Fig. 4Total tau, AT100-positive, and AT8-positive p-tau isoforms detected by histological examination of retinas from MCI and AD patients. a Representative images of immunofluorescent staining for total tau (HT7+ and 43D+) and AT8+ p-tau (S202/T205) in retinal cross-sections from human donors with NC, MCI, and AD. Scale bars 20 µm. Additional inserts of high-magnification images show pronounced intra-neuronal 43D+ tau and AT8+ p-tau staining in the AD retina. b Representative images of peroxidase-based DAB staining of retinal AT100+ p-tau (T202/S214) in an AD patient; a high magnification image for the ganglion cell layer (GCL). c Quantitative analysis of percent retinal AT100+ p-tau immunoreactive area (n = 9 NC, n = 4 MCI, and n = 6 AD). d Spearman's rank correlation coefficient analyses between retinal AT100+ p-tau and brain NFTs severity scores. e Representative images of peroxidase-based DAB staining of AT8+ p-tau (S202/T205) in retinal cross-sections from AD patients. f Quantitative analysis of retinal AT8+ p-tau immunoreactive area (n = 18 NC, n = 8 MCI, n = 21 AD, and n = 4 D-NAD). g Mapping of AT8+ p-tau in central (Cen), Mid-, and Far-peripheral retinal subregions in the same cohort. h Spearman's rank correlation coefficient analysis between retinal AT8+ p-tau and the cognitive status as assessed by CDR scores.

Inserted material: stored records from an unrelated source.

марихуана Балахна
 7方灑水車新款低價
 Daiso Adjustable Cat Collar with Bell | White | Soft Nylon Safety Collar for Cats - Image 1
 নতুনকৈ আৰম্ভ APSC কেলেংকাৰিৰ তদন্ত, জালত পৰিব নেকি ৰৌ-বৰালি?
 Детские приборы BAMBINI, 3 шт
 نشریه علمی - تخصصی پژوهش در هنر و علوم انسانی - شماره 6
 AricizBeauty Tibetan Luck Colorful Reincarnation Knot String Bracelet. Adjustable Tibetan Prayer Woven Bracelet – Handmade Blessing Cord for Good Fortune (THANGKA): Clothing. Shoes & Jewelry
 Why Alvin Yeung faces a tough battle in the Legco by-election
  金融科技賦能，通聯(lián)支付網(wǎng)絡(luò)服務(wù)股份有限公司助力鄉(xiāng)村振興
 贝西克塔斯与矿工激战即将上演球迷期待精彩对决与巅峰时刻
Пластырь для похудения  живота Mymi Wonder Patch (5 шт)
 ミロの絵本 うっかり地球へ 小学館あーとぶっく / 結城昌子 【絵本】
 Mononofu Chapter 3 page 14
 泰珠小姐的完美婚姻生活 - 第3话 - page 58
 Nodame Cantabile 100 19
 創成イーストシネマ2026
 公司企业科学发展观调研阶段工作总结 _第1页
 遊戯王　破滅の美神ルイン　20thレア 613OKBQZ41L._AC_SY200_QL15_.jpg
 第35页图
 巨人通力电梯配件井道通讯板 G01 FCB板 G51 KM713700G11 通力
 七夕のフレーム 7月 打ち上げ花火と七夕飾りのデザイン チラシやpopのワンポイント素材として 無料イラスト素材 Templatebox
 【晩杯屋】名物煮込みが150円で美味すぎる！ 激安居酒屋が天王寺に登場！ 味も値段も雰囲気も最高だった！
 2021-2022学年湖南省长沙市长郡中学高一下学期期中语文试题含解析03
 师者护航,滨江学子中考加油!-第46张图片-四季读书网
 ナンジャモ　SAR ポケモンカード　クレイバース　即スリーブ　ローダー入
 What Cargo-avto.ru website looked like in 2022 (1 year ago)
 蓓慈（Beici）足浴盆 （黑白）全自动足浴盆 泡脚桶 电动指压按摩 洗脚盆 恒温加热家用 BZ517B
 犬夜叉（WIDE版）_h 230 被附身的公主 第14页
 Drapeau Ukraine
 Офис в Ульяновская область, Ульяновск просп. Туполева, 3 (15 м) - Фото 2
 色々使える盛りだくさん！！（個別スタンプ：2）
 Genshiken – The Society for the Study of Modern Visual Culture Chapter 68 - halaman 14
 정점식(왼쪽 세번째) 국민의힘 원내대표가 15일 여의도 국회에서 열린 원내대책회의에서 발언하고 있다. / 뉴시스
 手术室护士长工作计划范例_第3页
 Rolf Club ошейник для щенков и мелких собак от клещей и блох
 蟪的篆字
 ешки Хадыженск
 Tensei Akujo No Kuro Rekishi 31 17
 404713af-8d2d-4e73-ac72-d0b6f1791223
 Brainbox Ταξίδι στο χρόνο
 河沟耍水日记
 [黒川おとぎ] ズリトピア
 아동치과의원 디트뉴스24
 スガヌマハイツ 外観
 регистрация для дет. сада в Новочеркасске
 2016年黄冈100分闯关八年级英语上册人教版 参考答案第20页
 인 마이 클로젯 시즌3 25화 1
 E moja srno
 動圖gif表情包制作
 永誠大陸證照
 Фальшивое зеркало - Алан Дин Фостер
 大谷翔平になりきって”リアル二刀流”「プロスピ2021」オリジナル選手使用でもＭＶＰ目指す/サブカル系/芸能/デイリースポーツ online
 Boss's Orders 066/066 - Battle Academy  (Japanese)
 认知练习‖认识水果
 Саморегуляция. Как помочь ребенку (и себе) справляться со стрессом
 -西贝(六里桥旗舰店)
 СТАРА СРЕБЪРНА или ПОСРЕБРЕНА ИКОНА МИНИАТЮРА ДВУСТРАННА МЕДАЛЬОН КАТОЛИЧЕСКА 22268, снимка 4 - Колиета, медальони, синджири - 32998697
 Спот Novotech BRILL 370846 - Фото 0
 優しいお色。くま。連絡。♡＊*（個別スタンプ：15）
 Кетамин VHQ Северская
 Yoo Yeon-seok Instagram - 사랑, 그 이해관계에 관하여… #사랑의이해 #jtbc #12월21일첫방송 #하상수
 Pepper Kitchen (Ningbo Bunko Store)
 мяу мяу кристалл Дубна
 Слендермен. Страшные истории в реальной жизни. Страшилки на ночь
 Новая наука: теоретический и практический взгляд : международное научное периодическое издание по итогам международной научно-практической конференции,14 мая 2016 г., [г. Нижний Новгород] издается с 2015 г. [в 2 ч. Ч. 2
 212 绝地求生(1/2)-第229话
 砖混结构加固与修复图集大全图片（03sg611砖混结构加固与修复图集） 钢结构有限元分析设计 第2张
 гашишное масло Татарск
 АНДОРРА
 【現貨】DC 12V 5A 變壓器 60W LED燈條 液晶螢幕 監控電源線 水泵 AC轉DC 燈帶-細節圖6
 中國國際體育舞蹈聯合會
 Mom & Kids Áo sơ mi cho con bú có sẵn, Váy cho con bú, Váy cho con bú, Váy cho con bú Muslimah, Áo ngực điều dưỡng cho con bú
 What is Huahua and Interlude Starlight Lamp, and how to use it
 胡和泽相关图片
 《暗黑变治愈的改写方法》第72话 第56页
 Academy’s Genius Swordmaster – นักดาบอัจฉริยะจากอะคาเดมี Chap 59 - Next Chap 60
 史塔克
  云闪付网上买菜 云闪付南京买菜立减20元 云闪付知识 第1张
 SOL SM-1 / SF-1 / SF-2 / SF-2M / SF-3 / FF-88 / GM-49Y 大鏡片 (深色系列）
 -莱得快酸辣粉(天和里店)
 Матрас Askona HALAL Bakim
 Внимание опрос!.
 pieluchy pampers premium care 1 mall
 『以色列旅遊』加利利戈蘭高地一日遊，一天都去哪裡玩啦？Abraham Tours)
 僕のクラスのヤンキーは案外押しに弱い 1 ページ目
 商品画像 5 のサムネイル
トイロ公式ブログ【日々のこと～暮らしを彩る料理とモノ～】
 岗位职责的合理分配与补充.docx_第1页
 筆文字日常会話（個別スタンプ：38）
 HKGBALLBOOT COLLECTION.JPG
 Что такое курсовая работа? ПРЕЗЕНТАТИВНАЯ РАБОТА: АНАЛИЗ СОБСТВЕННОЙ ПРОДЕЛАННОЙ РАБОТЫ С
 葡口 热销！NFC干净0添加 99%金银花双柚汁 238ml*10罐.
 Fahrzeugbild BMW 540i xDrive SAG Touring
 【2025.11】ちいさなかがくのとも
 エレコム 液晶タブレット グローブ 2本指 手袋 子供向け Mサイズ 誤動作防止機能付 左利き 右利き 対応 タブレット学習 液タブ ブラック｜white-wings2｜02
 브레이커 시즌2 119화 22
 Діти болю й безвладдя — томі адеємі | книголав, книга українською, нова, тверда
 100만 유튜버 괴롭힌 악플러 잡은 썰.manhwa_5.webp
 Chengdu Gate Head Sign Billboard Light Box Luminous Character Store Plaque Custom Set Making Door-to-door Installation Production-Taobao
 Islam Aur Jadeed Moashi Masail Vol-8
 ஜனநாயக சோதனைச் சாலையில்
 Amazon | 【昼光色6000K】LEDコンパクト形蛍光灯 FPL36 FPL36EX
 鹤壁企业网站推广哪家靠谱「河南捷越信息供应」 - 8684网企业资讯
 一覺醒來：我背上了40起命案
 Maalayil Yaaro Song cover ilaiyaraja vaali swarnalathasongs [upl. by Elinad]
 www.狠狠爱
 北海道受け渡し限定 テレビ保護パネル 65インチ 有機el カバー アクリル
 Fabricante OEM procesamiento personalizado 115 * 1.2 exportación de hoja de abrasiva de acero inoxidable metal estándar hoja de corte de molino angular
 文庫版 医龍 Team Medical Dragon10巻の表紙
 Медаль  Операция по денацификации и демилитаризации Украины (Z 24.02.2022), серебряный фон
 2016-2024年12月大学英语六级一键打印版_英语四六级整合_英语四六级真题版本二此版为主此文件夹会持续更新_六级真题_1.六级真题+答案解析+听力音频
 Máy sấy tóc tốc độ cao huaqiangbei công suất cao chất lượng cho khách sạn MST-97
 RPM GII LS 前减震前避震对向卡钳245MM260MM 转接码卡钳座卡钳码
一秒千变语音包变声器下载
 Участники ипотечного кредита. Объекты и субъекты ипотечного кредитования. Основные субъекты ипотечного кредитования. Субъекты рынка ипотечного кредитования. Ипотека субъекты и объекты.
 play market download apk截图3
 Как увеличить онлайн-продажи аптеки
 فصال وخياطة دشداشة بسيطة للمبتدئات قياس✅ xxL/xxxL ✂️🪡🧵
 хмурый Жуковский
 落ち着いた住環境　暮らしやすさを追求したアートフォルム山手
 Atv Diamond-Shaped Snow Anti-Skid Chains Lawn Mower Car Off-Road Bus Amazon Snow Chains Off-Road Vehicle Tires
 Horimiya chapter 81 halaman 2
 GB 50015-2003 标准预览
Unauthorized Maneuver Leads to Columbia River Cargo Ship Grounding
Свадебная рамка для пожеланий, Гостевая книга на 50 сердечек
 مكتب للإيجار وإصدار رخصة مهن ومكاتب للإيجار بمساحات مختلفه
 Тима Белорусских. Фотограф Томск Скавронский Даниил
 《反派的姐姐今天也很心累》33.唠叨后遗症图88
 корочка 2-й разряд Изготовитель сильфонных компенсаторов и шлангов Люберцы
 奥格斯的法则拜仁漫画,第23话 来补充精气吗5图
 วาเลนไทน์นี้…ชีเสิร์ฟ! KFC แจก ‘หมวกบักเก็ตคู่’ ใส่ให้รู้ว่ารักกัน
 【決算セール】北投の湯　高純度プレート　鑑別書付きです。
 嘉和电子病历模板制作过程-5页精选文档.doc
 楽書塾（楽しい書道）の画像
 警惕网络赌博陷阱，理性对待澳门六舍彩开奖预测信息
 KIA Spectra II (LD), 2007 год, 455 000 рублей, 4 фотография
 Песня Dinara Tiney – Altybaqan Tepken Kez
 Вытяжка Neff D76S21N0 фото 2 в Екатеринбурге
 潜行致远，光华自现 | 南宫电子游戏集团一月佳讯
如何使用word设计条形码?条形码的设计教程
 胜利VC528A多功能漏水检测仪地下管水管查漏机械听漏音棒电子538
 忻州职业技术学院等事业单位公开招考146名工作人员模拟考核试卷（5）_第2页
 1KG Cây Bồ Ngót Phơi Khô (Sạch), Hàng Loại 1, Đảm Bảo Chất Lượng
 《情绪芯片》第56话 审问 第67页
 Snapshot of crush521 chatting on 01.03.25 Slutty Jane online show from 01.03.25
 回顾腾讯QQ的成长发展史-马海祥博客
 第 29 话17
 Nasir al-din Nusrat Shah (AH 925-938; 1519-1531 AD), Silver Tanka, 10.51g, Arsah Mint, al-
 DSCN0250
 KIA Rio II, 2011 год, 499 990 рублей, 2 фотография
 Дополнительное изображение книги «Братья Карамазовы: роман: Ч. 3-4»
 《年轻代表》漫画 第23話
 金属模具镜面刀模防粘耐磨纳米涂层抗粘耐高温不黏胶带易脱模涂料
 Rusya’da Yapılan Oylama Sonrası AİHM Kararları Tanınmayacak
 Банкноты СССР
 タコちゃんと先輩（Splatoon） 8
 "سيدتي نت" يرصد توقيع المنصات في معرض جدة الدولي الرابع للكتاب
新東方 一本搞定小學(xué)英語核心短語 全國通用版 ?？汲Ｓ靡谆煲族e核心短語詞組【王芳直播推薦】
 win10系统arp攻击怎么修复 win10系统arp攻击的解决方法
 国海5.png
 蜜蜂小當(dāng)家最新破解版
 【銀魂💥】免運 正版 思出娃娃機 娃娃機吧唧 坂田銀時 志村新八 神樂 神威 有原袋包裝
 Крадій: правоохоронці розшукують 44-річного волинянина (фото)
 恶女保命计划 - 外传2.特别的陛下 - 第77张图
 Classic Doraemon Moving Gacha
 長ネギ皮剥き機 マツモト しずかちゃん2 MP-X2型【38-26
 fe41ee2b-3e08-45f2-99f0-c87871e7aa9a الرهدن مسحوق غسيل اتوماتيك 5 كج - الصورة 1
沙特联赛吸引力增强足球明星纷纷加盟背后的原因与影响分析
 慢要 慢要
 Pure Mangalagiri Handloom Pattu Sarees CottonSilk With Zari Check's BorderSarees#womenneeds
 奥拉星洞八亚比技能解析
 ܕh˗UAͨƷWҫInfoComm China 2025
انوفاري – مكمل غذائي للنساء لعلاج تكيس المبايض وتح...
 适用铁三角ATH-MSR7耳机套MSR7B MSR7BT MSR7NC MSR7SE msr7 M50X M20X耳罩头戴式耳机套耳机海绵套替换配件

Individual data points (circles) and median, lower and upper quartile are shown in violin plots. *P < 0.05, **P < 0.01, by one-way ANOVA and Tukey’s or Sidak’s multiple comparison tests, or unpaired 2-tailed Student t test for two group analysis (in parenthesis). Fold changes are shown in red. F, female; M, male; age (in years); n, sample size. Illustrations created with Biorender.com
Fig. 5Retinal pS396-tau in MCI and AD patients. a–c Representative images of immunofluorescent and peroxidase-based staining of pS396-tau in retinal cross-sections from AD and MCI patients as compared to NC controls. Scale bars 20 µm. Higher magnification images show intracellular pS396-tau in the INL and ONL (b red arrowheads and c white arrowheads). d Quantitative analysis of the percent pS396-tau immunoreactive area in the retina (n = 15 NC, n = 9 MCI, n = 25 AD, and n = 4 D-NAD). e Percent pS396-tau area separated to central (Cen), Mid-, and Far-peripheral retinal subregions in the same cohort. Spearman's rank correlation coefficient analyses are shown between retinal pS396-tau and the severity of brain f Aβ plaques, g NFTs, h NTs, and i ABC scores. Individual data points (circles) and median, lower and upper quartile are shown in violin plots. *P < 0.05, **P < 0.01, ***P < 0.001, by one-way ANOVA and Tukey’s post-hoc multiple comparison test, or unpaired 2-tailed Student t test for two group analysis (in parenthesis). Fold changes are shown in red. F, female; M, male; age (in years); n, sample size. Illustrations created with Biorender.com
We next examined retinal AT8+ p-tau signals (Fig. 4a, lower panel and Fig. 4e) in a subset of donors with MCI (n = 8, mean age 89.75 ± 5.50 years, 4 females/4 males), AD (n = 21, mean age 82.81 ± 13.40 years, 10 females/11 males), and NC controls (n = 18, mean age 81.50 ± 8.96 years, 9 females/9 males). AT8+ pS202/T205-tau isoforms were frequently detected in the OPL, and to a lesser extent, in the IPL (Fig. 4a, e); a staining pattern that is comparable with previous reports in the AD retina [34, 87]. Quantitative IHC analysis revealed a 3.5-fold trend of increases in MCI and a 2.9-fold in AD, compared to NC controls (Fig. 4f), reaching significance by Student’s t test. Retinal AT8+ p-tau burden in D-NAD patients was at similar levels as those observed in MCI and AD patients and had a trend of a 2.7-fold increase compared to NC controls (Fig. 4f; representative images in Suppl. Fig. 2b). Examination of AT8+ signals in the central, mid-, and far-peripheral retina indicated significant increases in MCI compared to NC in all three retinal subregions (Fig. 4g). Retinal AT8+ p-tau forms significantly and weakly associated with brain NFTs, ABC, and CAA severity scores, while showing a moderate correlation with the CDR cognitive scores (Fig. 4h, Table 3).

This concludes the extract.